Shinedown singles chronology
| "Asking for It" (2016) | "How Did You Love" (2016) | "Devil" (2018) |

Music video
- "How Did You Love" on YouTube

= How Did You Love =

"How Did You Love" is a single by American rock band Shinedown. It is their fourth and final single from their fifth studio album, Threat to Survival.

==Background==
The song was released on October 4, 2016, as the fourth single from the band's fifth studio album, Threat to Survival. A music video was released the same day, featuring scenes from the short film The Hound of Heaven.
On January 13, 2017, acoustic and piano versions of the song were released. A remix EP followed in February, featuring 5 additional versions produced by various DJs.
Later that month, the song topped the Billboard Mainstream Rock chart, the band's 11th song to do so. It was also the band's 22nd top 5 on the chart, breaking a tie with Aerosmith for the most in the format. It remained atop the tally for 4 weeks.

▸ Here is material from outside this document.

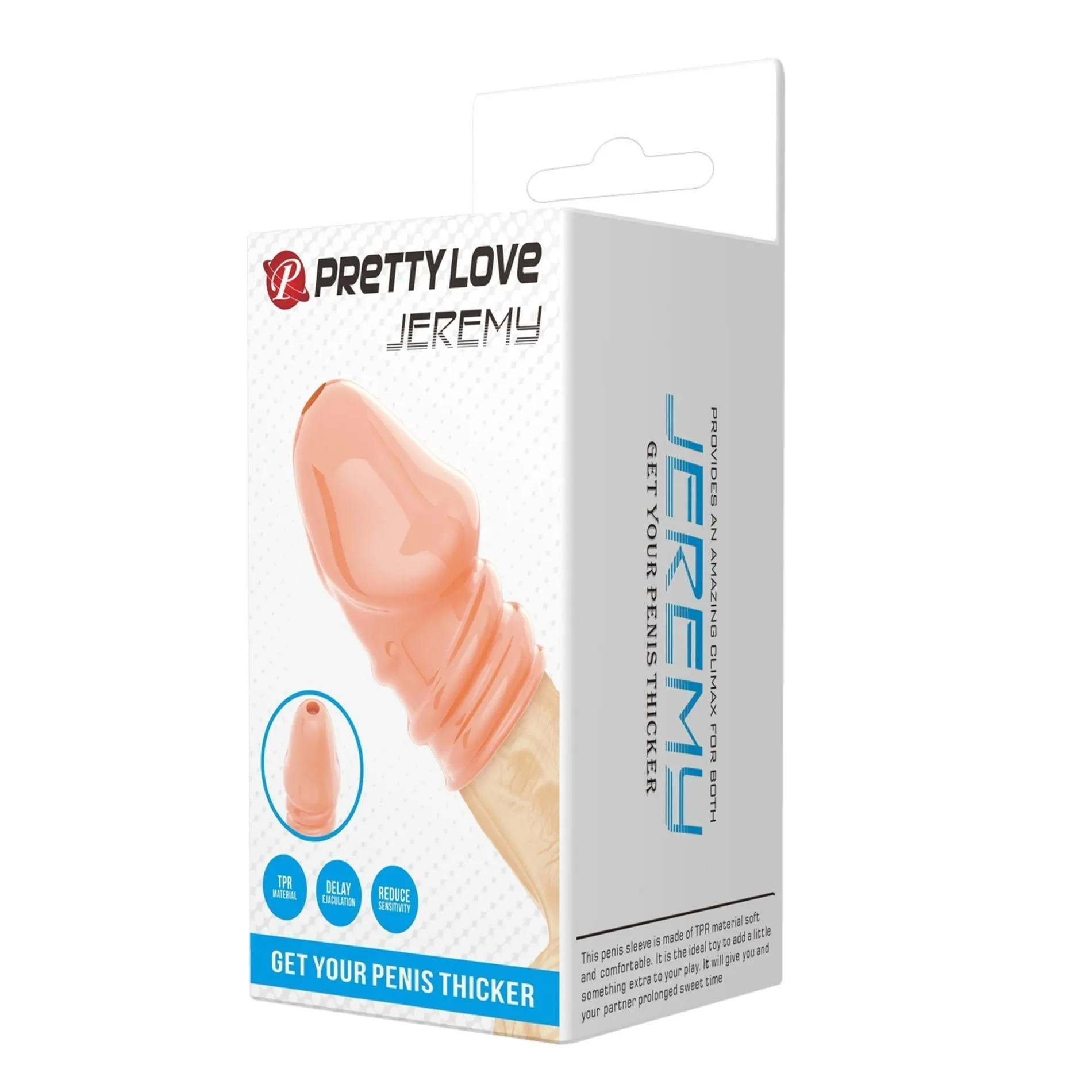 Насадка на пеніс Pretty Love Jeremy, 7 см (тілесний)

==Themes and composition==
Frontman Brent Smith said of the song's meaning in a Billboard article:

"How Did You Love is about understanding and respecting your own mortality. Not in a morbid, negative way, but in a way that inspires you to live each day to its fullest and without regret, especially when it comes to your relationships and your individuality. You need to be at peace and proud when you look back and ask yourself, 'how did you love?'"

==Track listing==
Digital download and streaming (acoustic)
1. "How Did You Love" (Acoustic Version) – 3:06
2. "How Did You Love" (Piano Version) – 3:06

Digital download and streaming - Remix EP
1. "How Did You Love" (Twine Remix) – 5:14
2. "How Did You Love" (Neon Tribe Remix) – 3:52
3. "How Did You Love" (Dr. Ozi Remix) – 3:41
4. "How Did You Love" (Rob & Jack Remix) – 3:39
5. "How Did You Love" (Nikö Blank Remix) – 3:16

==Charts==

===Weekly charts===

Weekly chart performance for "How Did You Love"
| Chart (2017) | Peak position |
|---|---|
| Canada Rock (Billboard) | 29 |
| US Hot Rock & Alternative Songs (Billboard) | 17 |
| US Rock & Alternative Airplay (Billboard) | 11 |

===Year-end charts===

Year-end chart performance for "How Did You Love"
| Chart (2017) | Position |
|---|---|
| US Hot Rock Songs (Billboard) | 58 |
| US Rock Airplay (Billboard) | 45 |

==Certifications==

Certifications for "How Did You Love"
| Region | Certification | Certified units/sales |
| Canada (Music Canada) | Gold | 40,000^{‡} |
^{‡} Sales+streaming figures based on certification alone.